TASK OBJECTIVE → Given these entries, repeat exactly the lines starting with the one that has "Sieninis šviestuvas Toolight" and going on through the one that has "darth vader kylo", both included, but none of the pictures.

—————

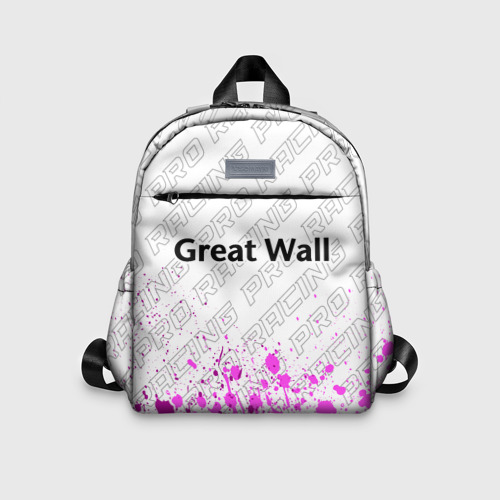 Детский рюкзак 3D с принтом Great Wall pro racing: символ сверху, вид спереди #2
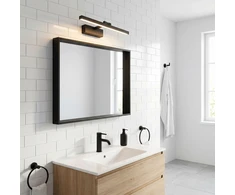 Sieninis šviestuvas Toolight Vonios sieninis LED šviestuvas APP1866-1W 40 cm Juodas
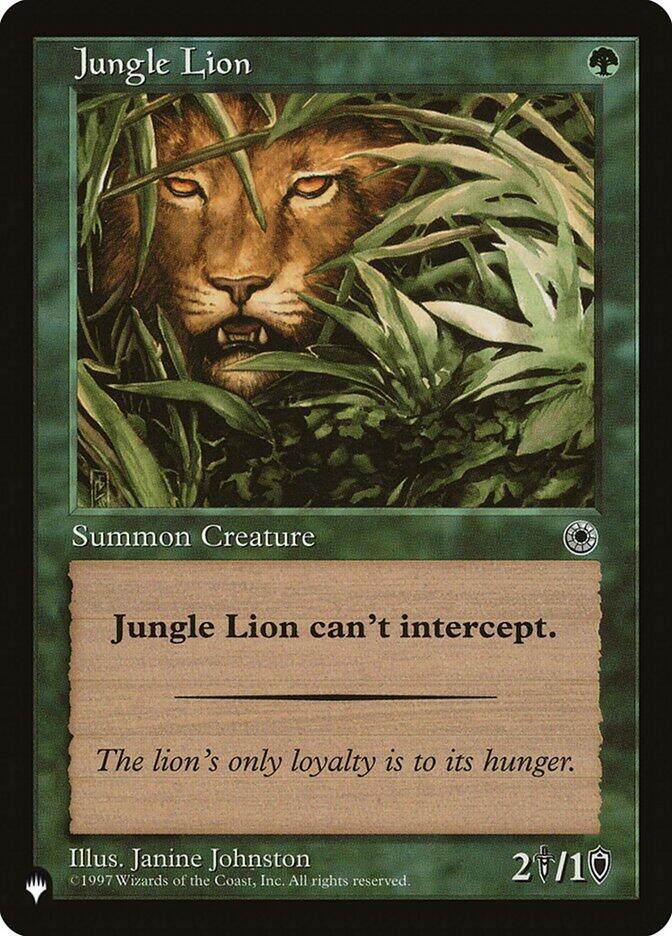 Jungle Lion, The List Reprints #583042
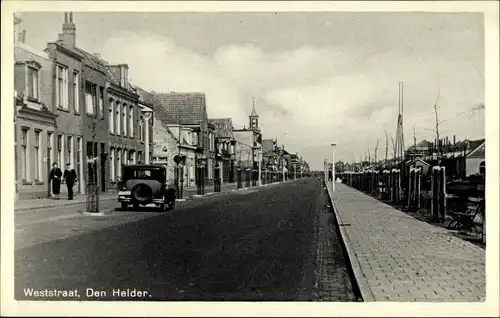 Ak Den Helder Nordholland Niederlande, Weststraat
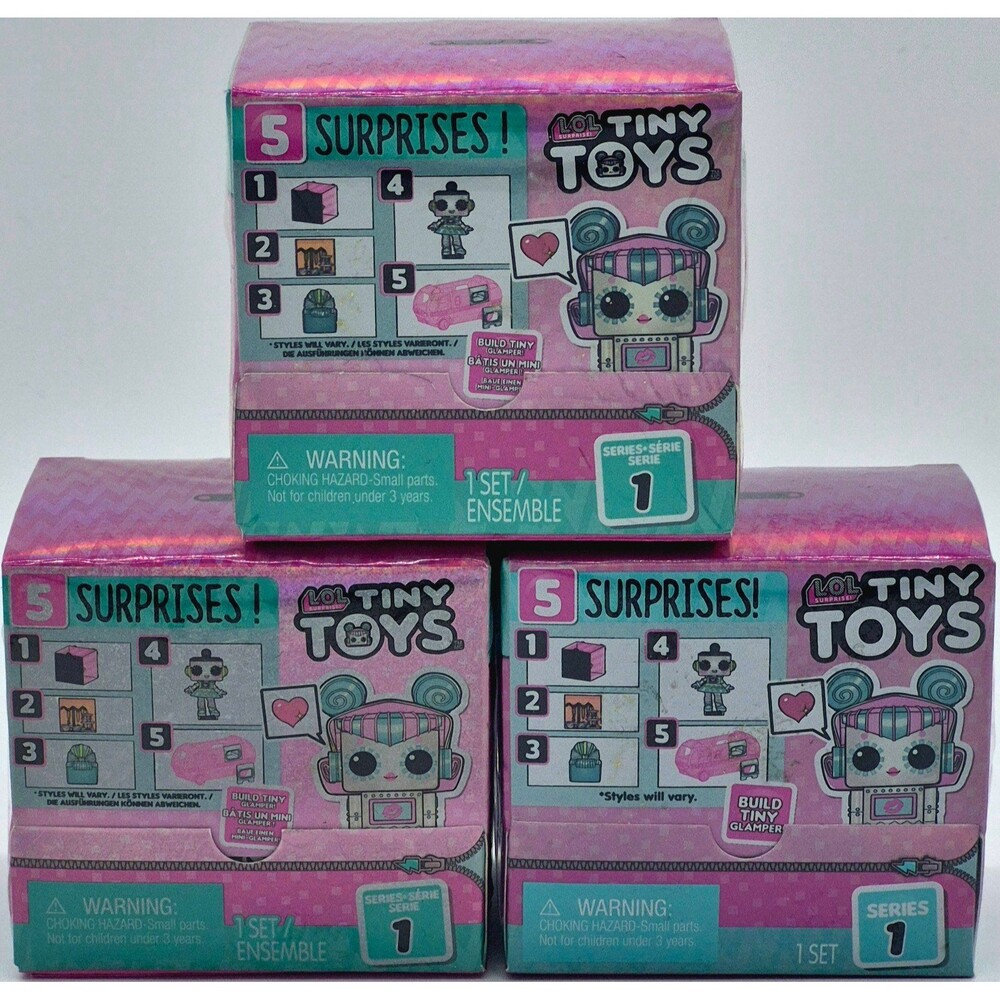 LOL Surprise Tiny Toys Series 1 Lot of 3 NEW Sealed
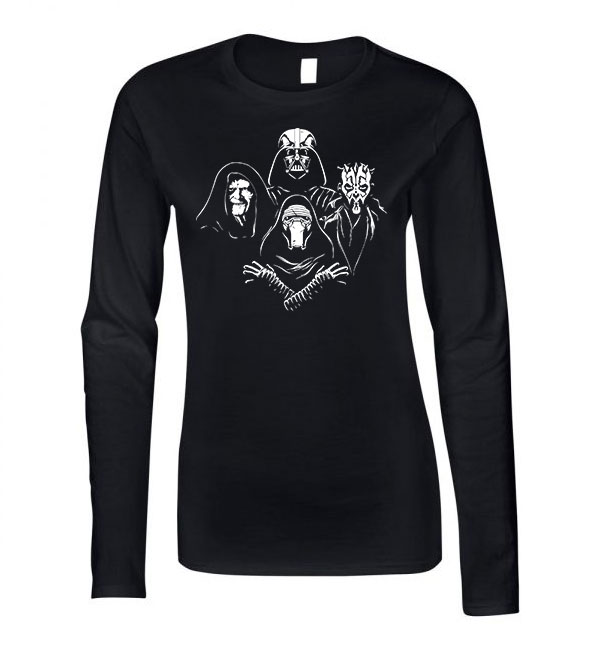 darth vader kylo ren darth maul emperor star wars sith Fekete Női Hosszú Ujjú Póló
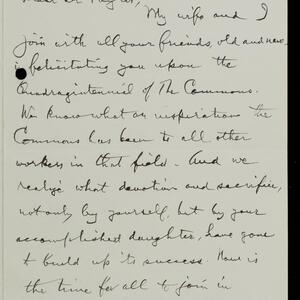 a page of handwritten text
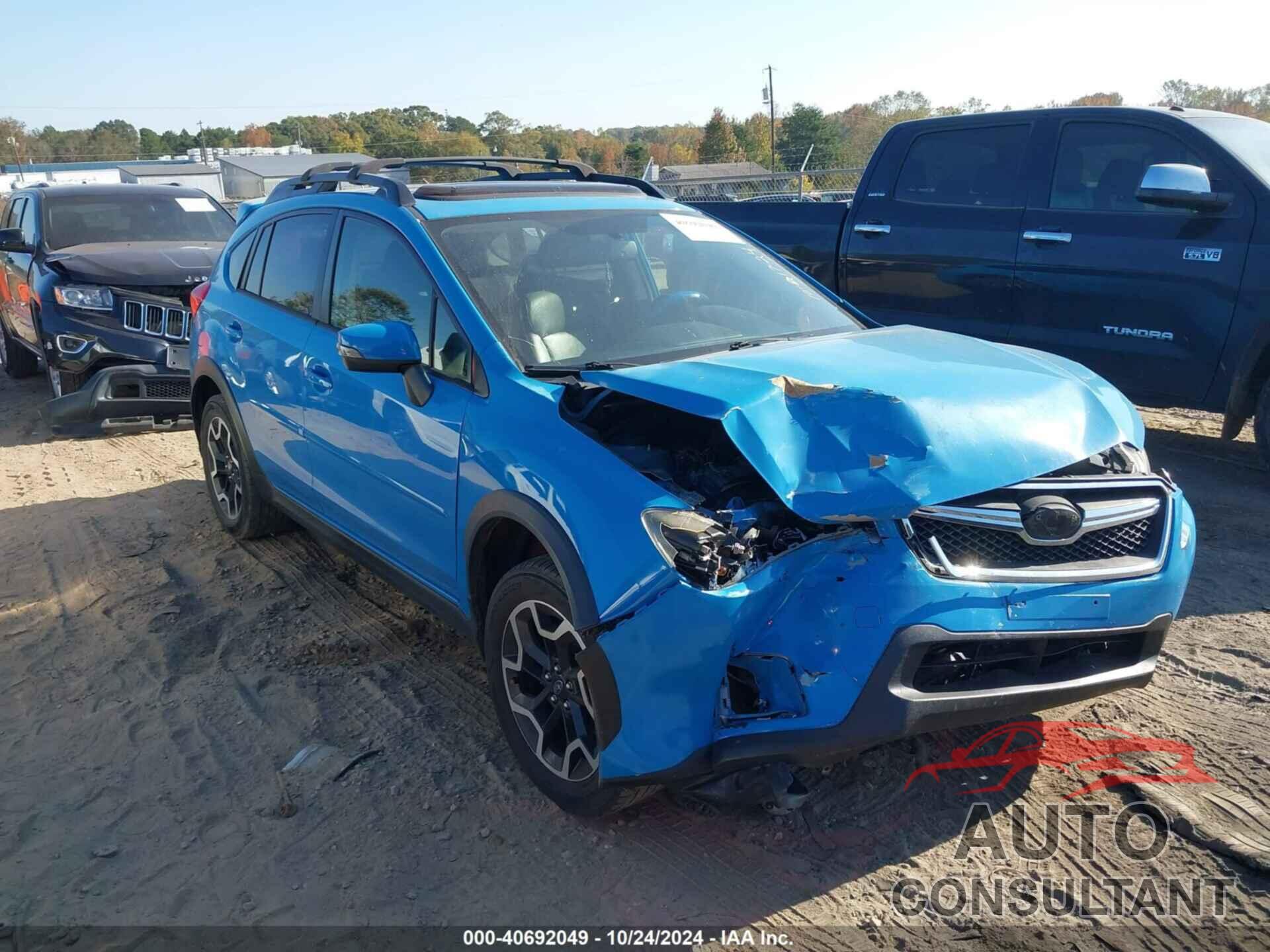 SUBARU CROSSTREK 2016 - JF2GPALC2GH268471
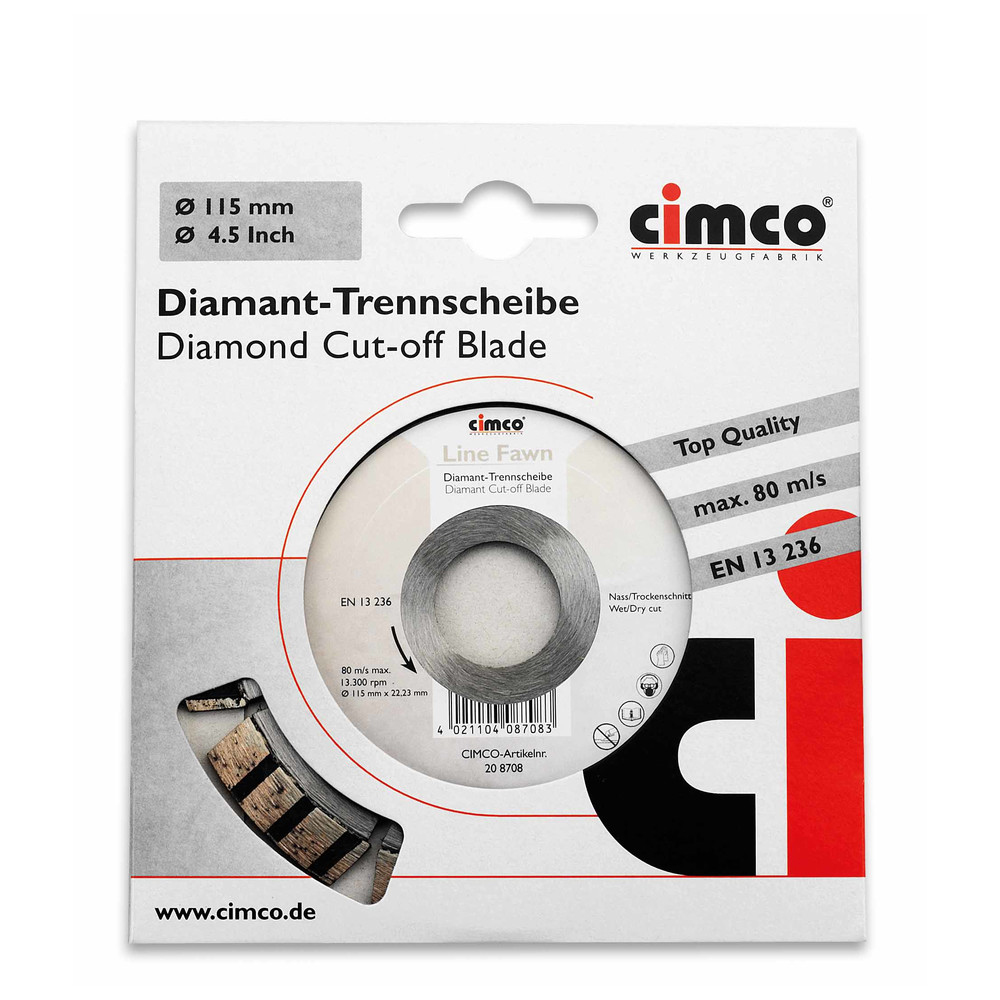 Diamant-Trennscheibe Beton Sandstein Durchmesser 115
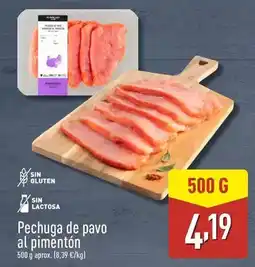 ALDI Pechuga de pavo al pimenton oferta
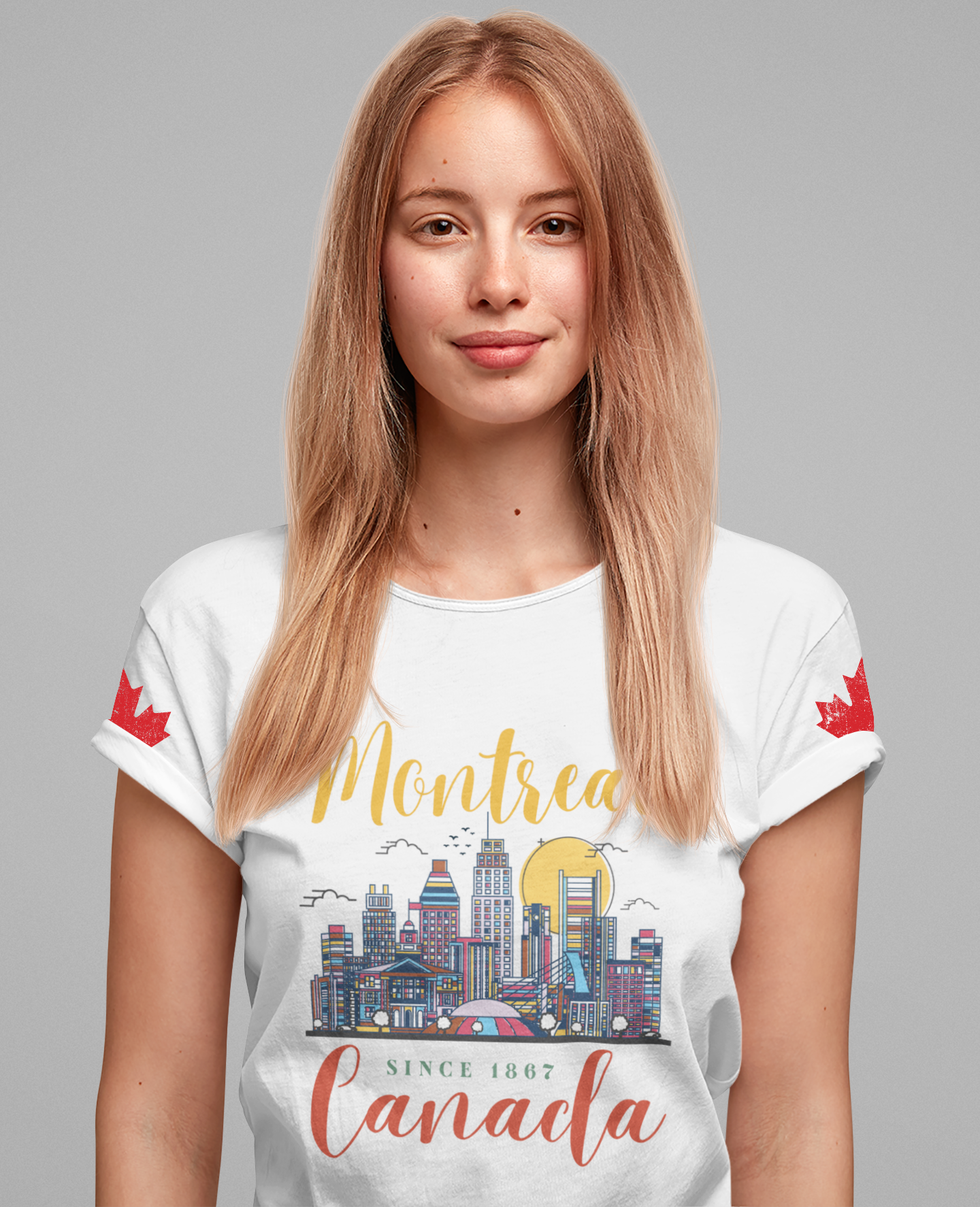 Montreal Skyline Canada Since 1867 T-Shirt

—————

WRITTEN ANSWER →
 Sieninis šviestuvas Toolight Vonios sieninis LED šviestuvas APP1866-1W 40 cm Juodas
 Jungle Lion, The List Reprints #583042
 Ak Den Helder Nordholland Niederlande, Weststraat
 LOL Surprise Tiny Toys Series 1 Lot of 3 NEW Sealed
 darth vader kylo ren darth maul emperor star wars sith Fekete Női Hosszú Ujjú Póló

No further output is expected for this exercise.